The 6.5% growth of the CPI (consumer price index) in October motivated the PBC, the country's top financial management authority to increase the deposit-reserve requirement rate for commercial banks by 0.5 percentage points to an all-time high of 13.5%. This is the ninth increase this year. PBC explained that it aims to slow down the rapid credit growth and recover fluid money. When the IPO of PetroChina Company Ltd. in October caused a temporary tight supply of cash, PBC put RMB161 billion cash into the public market, interrupting the pace of the process of recovering fluid money.
   Also in October, the National Development and Reform Commission (NDRC) issued a new allowance for the calcium carbide manufacturing industry. In November NDRC issued a new permit for the chlor-alkali (including caustic soda and polyvinyl chloride) industry, effective December 1st, 2007. The thresholds refer to newly applications to initiate projects for new plants or expansions in the affected industries. Moreover, NDRC also ordered the shutdown of existing production units in the calcium carbide and coking industries that cannot meet conservation requirements for energy and  environmental quality. All of these show the governments' intent to control heavily investment in consuming energy- and resource-intensive products.   
   The surplus in foreign trade continues to increase the deposit of foreign exchange for China, bringing more and more pressure on the valuation of RMB. An official analyst suggested that the high ratio of exports to imports may be mainly due to the trade mode of processing imported materials then exporting. In this mode, most profits are not enjoyed by Chinese citizens, the analyst commented.  
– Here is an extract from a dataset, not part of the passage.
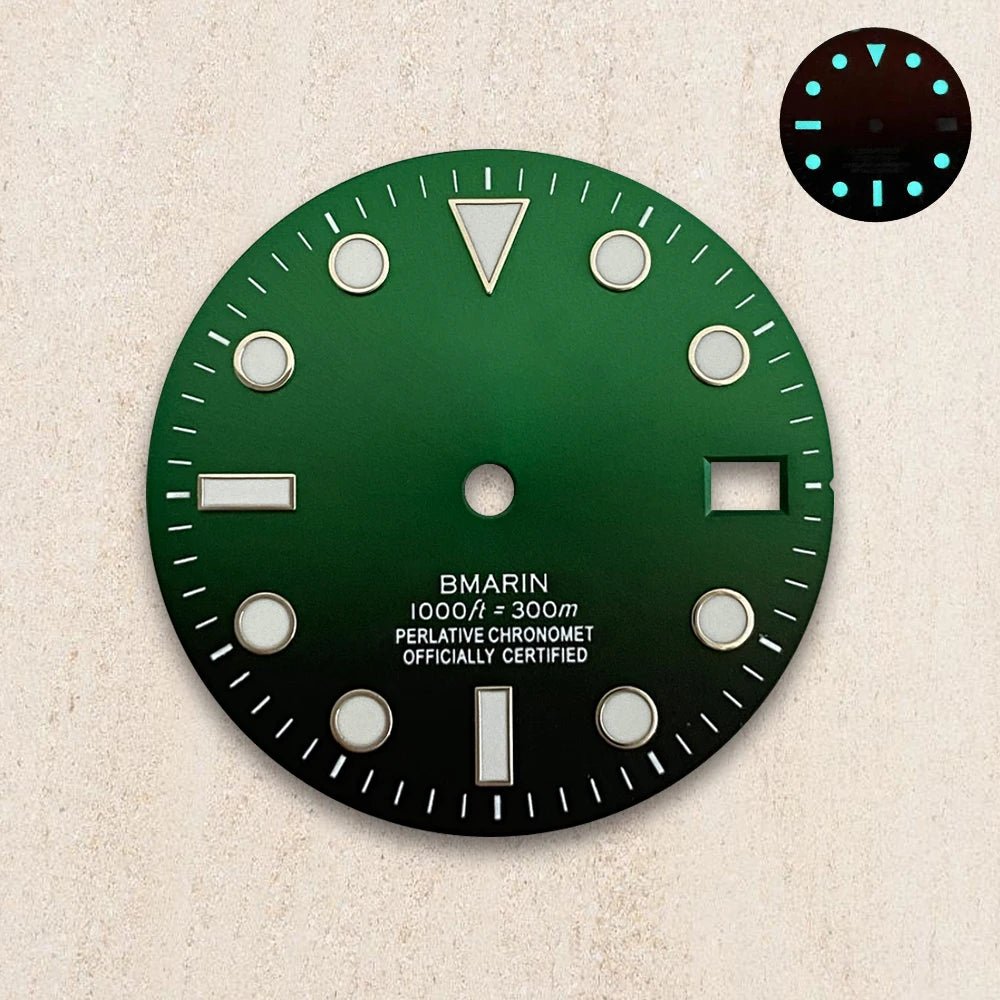 28.5mm S Logo Dial Blue Luminous Suitable For NH35/NH36/4R/7S Japanese Automatic Movement  Watch Modification Accessories
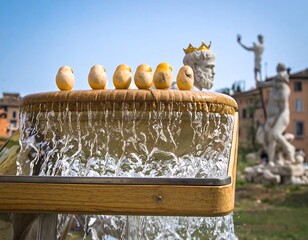 Ornate fountain with small, yellow eggs, water, and statues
   After issuing the new policy for the consumption of natural gas, NDRC announced a 50% increase in the price of natural gas supplied to industrial users, rising to RMB1.2 per cubic meter, effective November 10th. Such a measure will help control the irrational consumption of natural gas. PetroChina Company Ltd., CNOOC and Sinopec Corp., China's top three suppliers of gas, will benefit from the price increase. Such an action does not play a supporting role in the government's effort of controlling CPI.
   Because the surging crude oil price is narrowing the margin of heavy industries, in particular chemical makers, more and more chemical companies have switched their focuses to the coal chemical business, although the Chinese government does not support substituting coal for oil. Some chemical makers have started to acquire coal mines. Even if they are not ultimately allowed to start coal-to-oil/olefin/DME business, they can minimize costs by getting coal from their own mines.  
   According to statistics of WIND, the cumulative revenue achieved by publicly listed chemical makers reached RMB227 billion in the first three quarters, up 22.68%, with profits totaling RMB11.265 billion, up 83.9%. Chemical fiber manufacturing, basic chemicals manufacturing and specialty chemical manufacturing outpaced all other chemical segments.